Abel went to school again in the spring, and, though George would have been better pleased had he forgotten the whole affair, he remembered the word in George's young woman's love-letter which had puzzled him; and never was a spelling-lesson set him among the M's that he did not hope to come across it and to be able to demand the meaning of Moerdyk from his Dame.
Without the excuse of its coming in the column of spelling set by herself, Abel dared not ask her to solve his puzzle; for never did teacher more warmly resent questions which she was unable to answer than Dame Datchett.
Abel could not fully make up his mind whether it should be looked up among two-syllabled or three-syllabled words.

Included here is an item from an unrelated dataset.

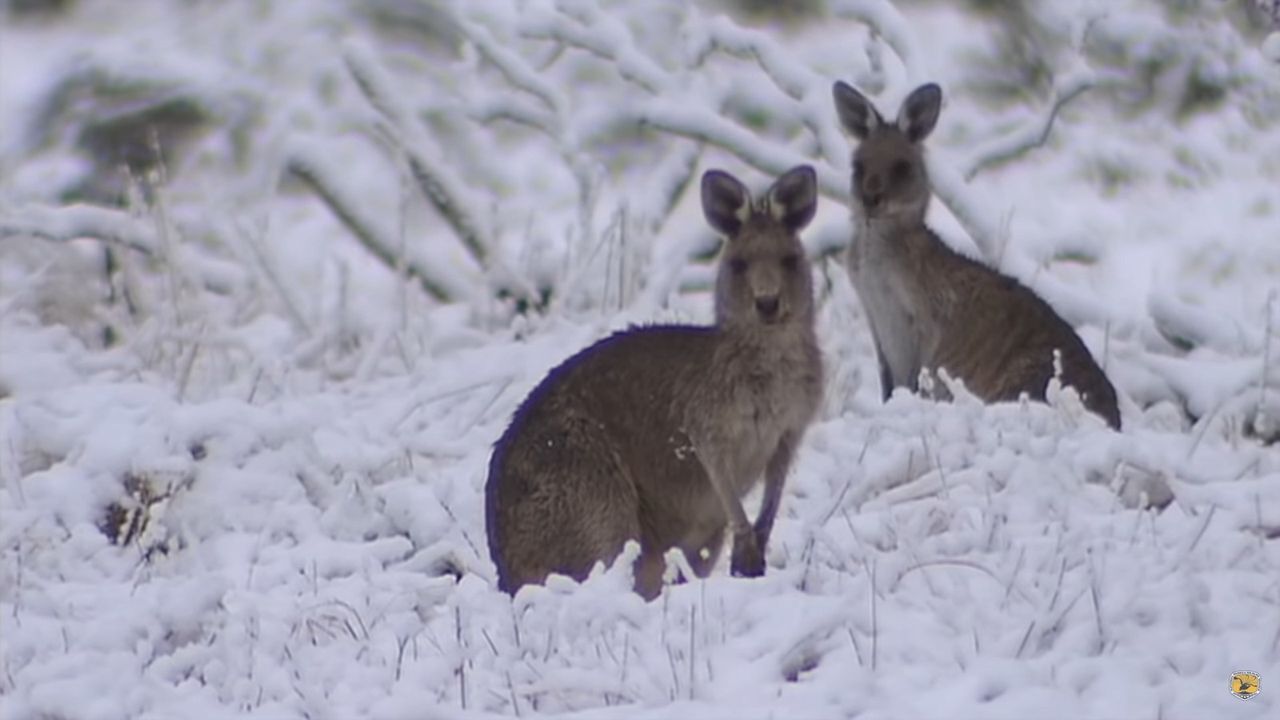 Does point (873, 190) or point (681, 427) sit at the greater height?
point (681, 427)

He decided for the former, and one day brought his spelling-book to George in the round-house.
"I've been a looking for that yere word, Gearge," said he. "There's lots of Mo's, but it bean't among 'em. Here they be. Words of two syllables; M, Ma, Me, Mi; here they be, Mo." And Abel began to rattle off the familiar column at a good rate, George looking earnestly over his shoulder, and following the boy's finger as it moved rapidly down the page. "Mocking, Modern, Mohawk, Molar, Molly, Moment, Money, Moping, Moral, Mortal, Moses, Motive, Movement."
"Stop a bit, mun," cried George; "what do all they words mean? They bothers me."
"I knows some of 'em," said Abel, "and I asked Dame Datchett about the others, but she do be so cross; and I thinks some of 'em bothered she too. There's mocking. I knows that. 'What's a modern, Dame?' says I. 'A muddle-headed fellow the likes of you,'
says she. 'What's a mohawk, Dame?' says I. 'It's what you'll come to before long, ye young hang-gallus,' says she. I was feared on her, Gearge, I can tell 'ee; but I tried my luck again. 'What's a molar, Dame?' says I. ''Tis a wus word than t'other,' says she; 'and, if 'ee axes me any more voolish questions, I'll break thee yead for 'ee.' Do 'ee think 'tis a very bad word, Gearge?" added Abel, with a rather indefensible curiosity.
"I never heard un," said George. And this was perhaps decisive against the Dame's statement. "And I don't believe un neither. I think it bothered she. I believe 'tis a genteel word for a man as catches oonts. They call oonts MOLES in some parts, so p'r'aps they calls a man as catches moles a molar, as they calls a man as drives a mill a miller."